Brief descriptive captions
▼

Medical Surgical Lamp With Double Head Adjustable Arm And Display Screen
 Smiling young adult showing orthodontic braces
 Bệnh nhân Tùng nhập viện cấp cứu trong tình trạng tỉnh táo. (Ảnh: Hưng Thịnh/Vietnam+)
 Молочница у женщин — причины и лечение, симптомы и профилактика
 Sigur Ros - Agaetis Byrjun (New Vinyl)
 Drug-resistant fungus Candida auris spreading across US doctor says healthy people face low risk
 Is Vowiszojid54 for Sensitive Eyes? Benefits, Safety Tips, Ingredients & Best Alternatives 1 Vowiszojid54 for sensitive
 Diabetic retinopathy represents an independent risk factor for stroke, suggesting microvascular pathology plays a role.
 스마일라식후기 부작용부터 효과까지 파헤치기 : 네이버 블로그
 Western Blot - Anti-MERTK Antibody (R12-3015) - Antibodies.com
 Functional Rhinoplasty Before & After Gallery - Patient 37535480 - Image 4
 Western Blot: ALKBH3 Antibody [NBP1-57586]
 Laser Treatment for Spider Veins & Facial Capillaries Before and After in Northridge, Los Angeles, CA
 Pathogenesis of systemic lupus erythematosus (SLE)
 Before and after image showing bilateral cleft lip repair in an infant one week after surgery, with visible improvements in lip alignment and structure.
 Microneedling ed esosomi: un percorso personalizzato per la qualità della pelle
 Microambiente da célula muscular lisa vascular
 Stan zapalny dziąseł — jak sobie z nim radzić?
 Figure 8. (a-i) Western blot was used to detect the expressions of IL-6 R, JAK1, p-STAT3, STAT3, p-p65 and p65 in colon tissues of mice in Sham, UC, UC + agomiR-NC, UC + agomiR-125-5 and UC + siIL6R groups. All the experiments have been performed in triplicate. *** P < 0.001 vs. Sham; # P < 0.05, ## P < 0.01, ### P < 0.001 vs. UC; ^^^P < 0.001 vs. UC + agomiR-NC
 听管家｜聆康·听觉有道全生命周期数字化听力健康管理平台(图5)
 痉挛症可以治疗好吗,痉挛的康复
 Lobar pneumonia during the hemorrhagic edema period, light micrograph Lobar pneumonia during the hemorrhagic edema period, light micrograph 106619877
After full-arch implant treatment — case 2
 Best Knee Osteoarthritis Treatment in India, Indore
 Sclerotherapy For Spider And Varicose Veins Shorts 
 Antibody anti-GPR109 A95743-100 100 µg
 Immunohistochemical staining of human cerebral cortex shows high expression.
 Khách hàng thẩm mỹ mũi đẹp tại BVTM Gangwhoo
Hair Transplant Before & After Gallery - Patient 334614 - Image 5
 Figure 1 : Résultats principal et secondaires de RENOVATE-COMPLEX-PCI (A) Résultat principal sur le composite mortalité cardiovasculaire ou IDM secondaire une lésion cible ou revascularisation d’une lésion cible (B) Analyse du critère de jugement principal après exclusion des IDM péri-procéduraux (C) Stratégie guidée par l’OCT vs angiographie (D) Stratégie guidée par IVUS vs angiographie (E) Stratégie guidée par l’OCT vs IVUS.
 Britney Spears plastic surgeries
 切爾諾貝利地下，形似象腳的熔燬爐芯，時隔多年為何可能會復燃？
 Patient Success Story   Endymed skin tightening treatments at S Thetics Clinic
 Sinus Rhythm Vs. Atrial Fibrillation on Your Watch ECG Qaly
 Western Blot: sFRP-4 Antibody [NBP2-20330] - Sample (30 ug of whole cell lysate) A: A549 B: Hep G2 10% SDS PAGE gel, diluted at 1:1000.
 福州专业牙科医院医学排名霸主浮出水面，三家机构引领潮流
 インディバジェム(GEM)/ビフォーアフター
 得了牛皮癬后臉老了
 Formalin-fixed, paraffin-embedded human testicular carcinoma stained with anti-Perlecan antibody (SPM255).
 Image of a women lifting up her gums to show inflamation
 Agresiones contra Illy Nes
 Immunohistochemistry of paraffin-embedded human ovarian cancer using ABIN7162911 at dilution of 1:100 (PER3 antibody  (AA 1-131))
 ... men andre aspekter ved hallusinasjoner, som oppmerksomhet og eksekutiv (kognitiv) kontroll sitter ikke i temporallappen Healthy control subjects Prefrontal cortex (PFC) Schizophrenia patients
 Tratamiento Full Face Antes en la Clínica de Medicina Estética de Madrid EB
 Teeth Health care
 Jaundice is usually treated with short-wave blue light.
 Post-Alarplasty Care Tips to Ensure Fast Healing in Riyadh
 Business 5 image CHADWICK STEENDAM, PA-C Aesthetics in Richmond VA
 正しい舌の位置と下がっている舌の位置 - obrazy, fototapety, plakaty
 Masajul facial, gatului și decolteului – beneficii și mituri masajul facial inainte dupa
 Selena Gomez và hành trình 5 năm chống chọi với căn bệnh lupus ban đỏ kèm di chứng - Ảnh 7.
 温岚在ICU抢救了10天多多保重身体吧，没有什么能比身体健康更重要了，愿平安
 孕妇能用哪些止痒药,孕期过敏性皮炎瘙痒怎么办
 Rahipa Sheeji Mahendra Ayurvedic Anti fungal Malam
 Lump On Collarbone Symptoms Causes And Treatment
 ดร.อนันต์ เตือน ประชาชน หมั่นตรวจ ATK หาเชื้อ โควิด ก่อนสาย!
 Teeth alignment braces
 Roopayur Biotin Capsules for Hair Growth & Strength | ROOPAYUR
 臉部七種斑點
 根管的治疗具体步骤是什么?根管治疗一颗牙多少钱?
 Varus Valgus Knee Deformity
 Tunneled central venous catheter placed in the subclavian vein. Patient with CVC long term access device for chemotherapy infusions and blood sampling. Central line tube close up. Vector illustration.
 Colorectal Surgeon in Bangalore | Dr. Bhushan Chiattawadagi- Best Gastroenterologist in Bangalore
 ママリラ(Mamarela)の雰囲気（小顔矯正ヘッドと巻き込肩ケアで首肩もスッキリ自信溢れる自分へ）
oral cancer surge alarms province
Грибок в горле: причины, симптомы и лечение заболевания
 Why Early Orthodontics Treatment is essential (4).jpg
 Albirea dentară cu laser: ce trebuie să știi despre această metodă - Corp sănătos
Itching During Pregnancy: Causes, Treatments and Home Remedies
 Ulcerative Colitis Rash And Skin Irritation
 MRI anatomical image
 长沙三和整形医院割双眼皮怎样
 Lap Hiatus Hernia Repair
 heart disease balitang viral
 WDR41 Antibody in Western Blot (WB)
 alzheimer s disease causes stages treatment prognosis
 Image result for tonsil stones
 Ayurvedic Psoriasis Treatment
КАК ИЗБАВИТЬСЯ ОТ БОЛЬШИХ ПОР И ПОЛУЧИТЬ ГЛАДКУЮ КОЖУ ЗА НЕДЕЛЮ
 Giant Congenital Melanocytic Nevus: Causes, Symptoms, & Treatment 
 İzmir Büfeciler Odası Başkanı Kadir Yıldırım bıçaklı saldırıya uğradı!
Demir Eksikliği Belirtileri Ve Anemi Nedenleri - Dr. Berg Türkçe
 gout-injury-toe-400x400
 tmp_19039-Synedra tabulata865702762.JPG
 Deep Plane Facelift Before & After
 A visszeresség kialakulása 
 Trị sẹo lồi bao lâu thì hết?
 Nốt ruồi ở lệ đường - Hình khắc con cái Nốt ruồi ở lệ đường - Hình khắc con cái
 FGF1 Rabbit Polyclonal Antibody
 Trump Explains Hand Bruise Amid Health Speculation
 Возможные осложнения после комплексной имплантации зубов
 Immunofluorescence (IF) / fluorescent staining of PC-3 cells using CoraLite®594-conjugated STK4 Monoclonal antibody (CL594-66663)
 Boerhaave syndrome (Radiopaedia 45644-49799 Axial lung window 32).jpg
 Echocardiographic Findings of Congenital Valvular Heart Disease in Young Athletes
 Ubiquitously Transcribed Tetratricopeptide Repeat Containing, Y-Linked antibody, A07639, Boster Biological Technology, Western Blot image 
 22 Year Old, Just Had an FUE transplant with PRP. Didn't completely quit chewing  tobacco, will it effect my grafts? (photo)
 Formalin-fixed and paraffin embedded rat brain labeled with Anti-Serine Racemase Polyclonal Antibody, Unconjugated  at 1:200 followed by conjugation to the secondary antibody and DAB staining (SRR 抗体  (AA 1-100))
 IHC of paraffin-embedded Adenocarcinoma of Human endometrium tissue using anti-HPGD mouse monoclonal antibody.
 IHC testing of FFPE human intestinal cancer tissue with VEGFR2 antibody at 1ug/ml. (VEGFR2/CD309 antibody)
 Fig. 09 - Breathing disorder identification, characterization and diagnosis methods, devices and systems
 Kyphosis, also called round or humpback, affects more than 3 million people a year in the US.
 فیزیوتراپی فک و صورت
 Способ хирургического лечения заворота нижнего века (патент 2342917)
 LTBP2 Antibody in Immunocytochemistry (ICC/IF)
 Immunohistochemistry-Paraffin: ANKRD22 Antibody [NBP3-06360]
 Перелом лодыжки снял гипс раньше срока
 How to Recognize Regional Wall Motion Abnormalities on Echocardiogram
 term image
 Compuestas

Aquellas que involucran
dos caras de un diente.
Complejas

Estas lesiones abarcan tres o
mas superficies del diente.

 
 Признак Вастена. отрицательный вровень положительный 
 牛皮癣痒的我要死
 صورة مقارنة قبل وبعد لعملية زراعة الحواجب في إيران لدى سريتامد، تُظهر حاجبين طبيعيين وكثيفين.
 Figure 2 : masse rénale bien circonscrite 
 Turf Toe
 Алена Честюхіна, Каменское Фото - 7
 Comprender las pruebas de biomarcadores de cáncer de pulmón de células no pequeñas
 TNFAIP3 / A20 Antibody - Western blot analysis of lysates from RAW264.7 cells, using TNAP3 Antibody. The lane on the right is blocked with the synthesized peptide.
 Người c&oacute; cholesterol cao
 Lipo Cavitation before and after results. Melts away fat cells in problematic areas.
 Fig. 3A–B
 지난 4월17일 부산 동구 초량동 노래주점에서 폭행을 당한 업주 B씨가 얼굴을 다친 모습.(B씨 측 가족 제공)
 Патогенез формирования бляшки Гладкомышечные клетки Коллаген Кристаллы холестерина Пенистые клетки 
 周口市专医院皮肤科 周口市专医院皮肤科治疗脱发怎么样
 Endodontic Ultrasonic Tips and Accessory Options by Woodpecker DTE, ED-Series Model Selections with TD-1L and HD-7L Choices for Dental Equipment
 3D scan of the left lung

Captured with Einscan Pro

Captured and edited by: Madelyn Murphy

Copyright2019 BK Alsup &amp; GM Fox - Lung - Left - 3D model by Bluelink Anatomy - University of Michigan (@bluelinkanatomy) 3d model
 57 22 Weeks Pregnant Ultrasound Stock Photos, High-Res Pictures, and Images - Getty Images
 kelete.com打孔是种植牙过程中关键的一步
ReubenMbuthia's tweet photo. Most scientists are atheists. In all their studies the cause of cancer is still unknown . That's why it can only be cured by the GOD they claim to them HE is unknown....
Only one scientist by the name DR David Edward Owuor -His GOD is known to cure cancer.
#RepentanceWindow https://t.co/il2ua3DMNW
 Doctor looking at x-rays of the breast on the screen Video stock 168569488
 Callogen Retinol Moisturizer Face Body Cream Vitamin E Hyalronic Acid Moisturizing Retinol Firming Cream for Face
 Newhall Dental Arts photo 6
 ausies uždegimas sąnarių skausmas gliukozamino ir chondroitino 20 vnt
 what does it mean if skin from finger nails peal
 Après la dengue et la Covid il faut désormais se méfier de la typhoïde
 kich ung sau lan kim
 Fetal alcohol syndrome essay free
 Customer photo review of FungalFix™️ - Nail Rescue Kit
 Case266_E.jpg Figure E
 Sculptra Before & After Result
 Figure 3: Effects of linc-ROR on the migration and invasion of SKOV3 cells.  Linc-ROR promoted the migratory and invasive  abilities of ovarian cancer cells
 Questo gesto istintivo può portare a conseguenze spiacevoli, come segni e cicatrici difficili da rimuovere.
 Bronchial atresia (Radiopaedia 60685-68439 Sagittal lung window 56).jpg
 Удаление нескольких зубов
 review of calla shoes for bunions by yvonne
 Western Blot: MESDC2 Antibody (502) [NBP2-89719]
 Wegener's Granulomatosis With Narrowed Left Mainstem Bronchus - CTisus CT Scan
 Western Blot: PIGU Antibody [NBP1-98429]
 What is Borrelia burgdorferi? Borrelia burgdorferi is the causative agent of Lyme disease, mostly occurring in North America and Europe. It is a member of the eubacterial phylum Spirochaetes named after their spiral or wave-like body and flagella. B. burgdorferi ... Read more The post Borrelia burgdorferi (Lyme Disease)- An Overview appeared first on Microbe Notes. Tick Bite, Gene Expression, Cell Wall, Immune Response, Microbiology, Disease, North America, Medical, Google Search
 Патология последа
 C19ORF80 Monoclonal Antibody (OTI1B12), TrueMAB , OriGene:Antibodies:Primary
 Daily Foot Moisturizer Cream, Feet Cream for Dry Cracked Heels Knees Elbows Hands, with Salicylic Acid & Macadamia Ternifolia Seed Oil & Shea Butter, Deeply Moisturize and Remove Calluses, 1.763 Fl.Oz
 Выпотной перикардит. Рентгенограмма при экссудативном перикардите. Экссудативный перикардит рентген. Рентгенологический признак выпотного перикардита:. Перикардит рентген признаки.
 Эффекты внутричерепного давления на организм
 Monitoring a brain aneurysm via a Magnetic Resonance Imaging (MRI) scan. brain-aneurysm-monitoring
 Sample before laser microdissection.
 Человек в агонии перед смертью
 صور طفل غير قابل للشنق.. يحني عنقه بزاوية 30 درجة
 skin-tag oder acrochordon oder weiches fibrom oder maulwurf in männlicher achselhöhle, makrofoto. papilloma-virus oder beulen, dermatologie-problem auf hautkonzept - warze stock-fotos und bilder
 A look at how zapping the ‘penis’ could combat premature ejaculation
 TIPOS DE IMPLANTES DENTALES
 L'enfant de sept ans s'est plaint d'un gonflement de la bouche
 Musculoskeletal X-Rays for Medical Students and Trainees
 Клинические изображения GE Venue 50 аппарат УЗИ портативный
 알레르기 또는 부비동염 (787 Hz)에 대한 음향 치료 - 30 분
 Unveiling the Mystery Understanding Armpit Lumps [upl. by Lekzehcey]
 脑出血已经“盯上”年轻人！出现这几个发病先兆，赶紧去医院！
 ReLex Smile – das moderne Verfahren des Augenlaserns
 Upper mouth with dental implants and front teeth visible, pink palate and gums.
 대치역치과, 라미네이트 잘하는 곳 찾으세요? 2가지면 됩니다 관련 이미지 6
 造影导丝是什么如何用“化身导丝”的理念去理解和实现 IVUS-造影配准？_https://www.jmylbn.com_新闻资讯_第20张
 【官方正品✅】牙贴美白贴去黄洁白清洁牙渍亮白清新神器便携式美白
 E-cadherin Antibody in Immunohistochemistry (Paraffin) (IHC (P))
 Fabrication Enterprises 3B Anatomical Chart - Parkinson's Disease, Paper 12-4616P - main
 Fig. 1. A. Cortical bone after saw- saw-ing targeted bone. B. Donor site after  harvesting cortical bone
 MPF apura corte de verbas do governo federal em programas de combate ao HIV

▲

## Task goal
Reproduce the entries above exactly, but only the lines between the line holding "Demir Eksikliği Belirtileri" and the line holding "Trump Explains Hand", inclusive.

## Task solution
Demir Eksikliği Belirtileri Ve Anemi Nedenleri - Dr. Berg Türkçe
 gout-injury-toe-400x400
 tmp_19039-Synedra tabulata865702762.JPG
 Deep Plane Facelift Before & After
 A visszeresség kialakulása 
 Trị sẹo lồi bao lâu thì hết?
 Nốt ruồi ở lệ đường - Hình khắc con cái Nốt ruồi ở lệ đường - Hình khắc con cái
 FGF1 Rabbit Polyclonal Antibody
 Trump Explains Hand Bruise Amid Health Speculation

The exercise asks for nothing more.